Grieving my broken body: an autoethnographic account of spinal cord injury as an experience of grief

Pages 1823-1829 | Received 23 Oct 2013, Accepted 02 Dec 2013, Published online: 02 Jan 2014
 

Abstract

Purpose: For good reason, the trajectory of contemporary research and therapy into rehabilitation following spinal cord injury (SCI) has moved away from focusing on the pathology of depression, to highlight the contribution of resiliency, optimism, and hope to long-term well-being. This article complements this literature, exploring the analogous links between the losses of SCI and the experiences of the grief that accompanies the death of a loved one. Method: The article uses autoethnography, drawing on the authors’ writing about his own experiences as a C5 (incomplete) quadriplegic, to identify a correlation between the stages/symptoms of grief and the journey of rehabilitating from an SCI. Results: The article highlights the “wild” and ambiguous reality of adjusting to an SCI, and so challenges the dualist tendency to assume that people are either resilient or weak, successful or unsuccessful in their recovery. It recognises that adjusting to an SCI involves complex swings in emotion – sadness, anger, and melancholy, alongside hope and determination. Conclusion: Drawing on strategies of grief therapy, the article suggests that constructing and reconstructing the story of one’s own life is essential to learning to accept and live with an SCI.

    Implications for Rehabilitation

  • Since the losses accompanying SCI are analogous to grief, grief therapy strategies that recognise the complex and ambiguous nature of recovery can be part of rehabilitation.

  • Therapy should encourage people to construct and reconstruct narratives – life stories – that help them mourn their loss and make sense of their new lives.

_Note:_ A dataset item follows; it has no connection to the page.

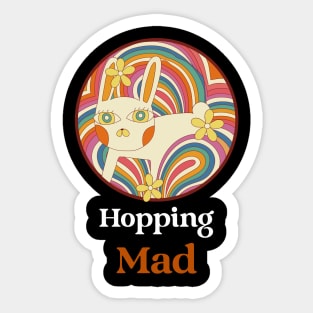 Hopping Mad Rabbit Sticker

  • The loss of an SCI is especially potent following return to the community, so storied therapy should continue beyond the period of the in-house rehabilitation.

Acknowledgements

It seems appropriate to conclude this autoethnography with a note of gratitude for the dedication and care I received from Annalisa Dezarnaulds, Clinical Psychologist, Department of Spinal Medicine, Prince of Wales Hospital.